R - O presidente da Câmara dos Deputados, Severino Cavalcante, traduz um anseio que há muito tempo a população brasileira tem latente em seu seio. Há muitos anos a OAB tem estado abertamente contra essa mazela que ocorre no Brasil, de se legislar através de medidas provisórias. Medidas provisórias têm sido editadas pelo governo de forma totalmente inconstitucional, pois não guardam os critérios de relevância e urgência. Exemplo disso é a Medida Provisória nº 232 - de aumento da carga tributária para autônomos e pequenas empresas -, que foi classificada por nós como uma medida didática, que acabou por levantar o povo brasileiro contra a injustiça do sistema tributário e contra esta mesma MP.
P - O que o senhor achou da resposta da Casa Civil da Presidência da República, de que a pretensão do presidente da Câmara, de devolver medidas provisórias quando julgar necessário, é inconstitucional?

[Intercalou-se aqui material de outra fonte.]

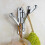 Stainless steel wall-mounted clothes rack with 3 folding arms,z 3
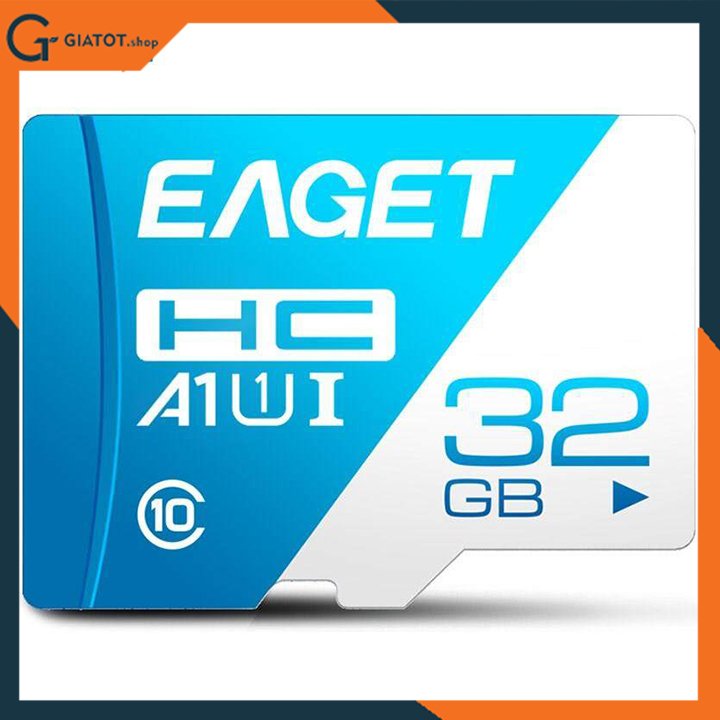 Thẻ nhớ micro 32gb eaget class 10 80mb/s chính hãng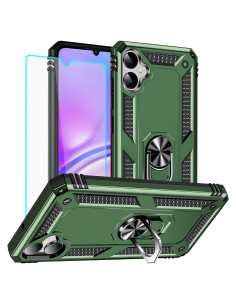 Funda Militar para Samsung Galaxy A05 con Soporte - Verde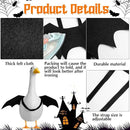 Halloween Goose Outfit Lawn Porch Goose Outfit Spider Bat Costume Plastic Goose Clothing for 23" Goose Halloween Outdoor Patio Yard Lawn Art Decoration(Bat) by GreenHaven Gardens
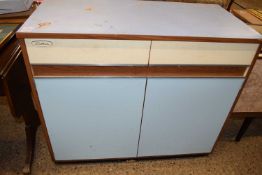 CIRCA 1960'S FORMICA EASTHAM KITCHEN CABINET, LENGTH APPROX 105 CM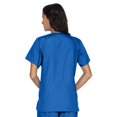 thumbnail image 1 of Landau Essentials Haut d'Uniforme à Boutons-Pression pour Femmes : Coupe Classique et Décontractée, Col en V, 4 Poches 8232, 1 of 5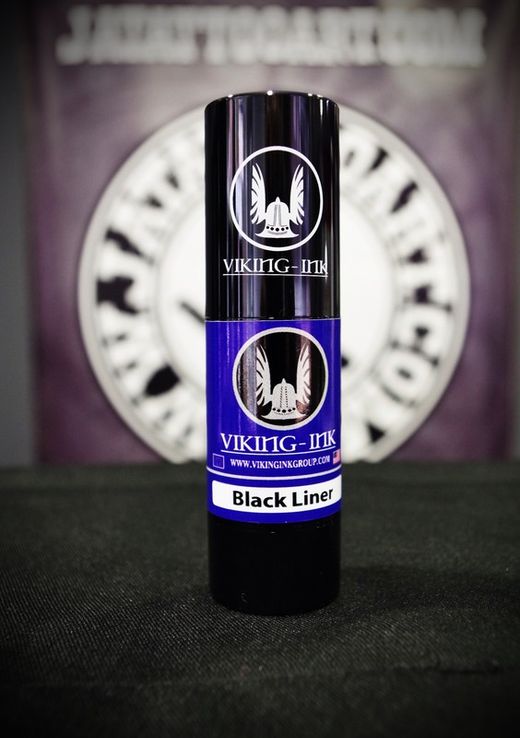 Tinta homologada Black Liner Viking Ink
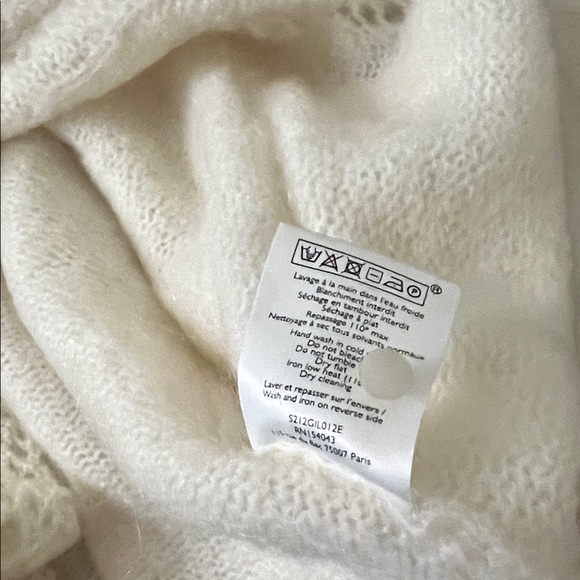 Sézane Angie Cardigan in Ecru (small) - Picture 6 of 7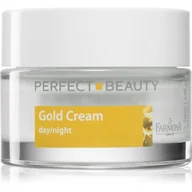 Kremy do twarzy - Farmona Perfect Beauty Gold krem przeciw zmarszczkom ze złotem 50 ml - miniaturka - grafika 1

R - Entendo que o governo não tem moral para tachar a atitude do presidente da Câmara de inconstitucional. O governo brasileiro, não só este como os demais que o antecederam, foram absolutamente inconstitucionais e isso eu já manifestei ao presidente Lula por ocasião da posse do ministro Nelson Jobim na Presidência do STF. Naquela ocasião, eu afirmei que o valor do salário mínimo era inconstitucional e que esse país é um país profundamente inconstitucional, pois não respeita as suas regras maiores, previstas na Constituição brasileira. Nem as cláusulas pétreas são respeitadas pelo governo. E não é o governo agora que terá a autoridade moral para dizer que o presidente da Câmara está tomando uma medida inconstitucional. O governo deveria pensar em melhorar o valor do salário mínimo, reduzir a exclusão social, melhorar os níveis de emprego, a aplicação de verbas nas áreas assistenciais, fazer com que a corrupção neste país tenha realmente fim. O governo deveria respeitar o princípio republicano da equidistância entre os Poderes, da harmonia e do equilíbrio entre os Poderes Executivo, Legislativo e Judiciário.
P - Então a declaração do presidente da Câmara dos Deputados tem o apoio da OAB?
R - O presidente da Câmara, Severino Cavalcanti, tem sim o apoio da Ordem neste sentido. É preciso pôr um basta nessas medidas provisórias editadas da forma como estão sendo, numa demonstração de desdém para com o sistema legal, num claro desdém ao povo brasileiro e ao princípio da moralidade.
P - Durante a campanha eleitoral para a Presidência da República, o presidente Lula se posicionou contrário à utilização de medidas provisórias. O que aconteceu com Lula, então, quando se tornou presidente?
R - O presidente Lula não honrou o compromisso que firmou com a Ordem, de não governar por meio de medidas provisórias. Ele havia nos dito, e assinou expressamente um compromisso, que não iria legislar através de medidas provisórias, mas não o fez. Parece-me que o presidente da República ou não tem vontade própria ou é refém de uma situação esdrúxula dentro do governo, que lhe obriga a agir de uma forma altamente contraditória com o seu estilo anterior de fazer política, com seu discurso enquanto ainda líder sindical, seu discurso enquanto constituinte, enquanto homem que tinha a intenção de reformular a essa forma de presidir o País. Na minha opinião, o presidente Lula tem que se decidir rapidamente. Ou ele volta a ser o que era, um líder de vanguarda e um homem de palavra, ou passa a aceitar essa situação de passividade perante o lado nebuloso do governo, que edita medidas provisórias com exagero, aumenta impostos, que diz uma coisa e faz outra, que aumenta os gastos públicos e não procura modificar esse estado de coisas.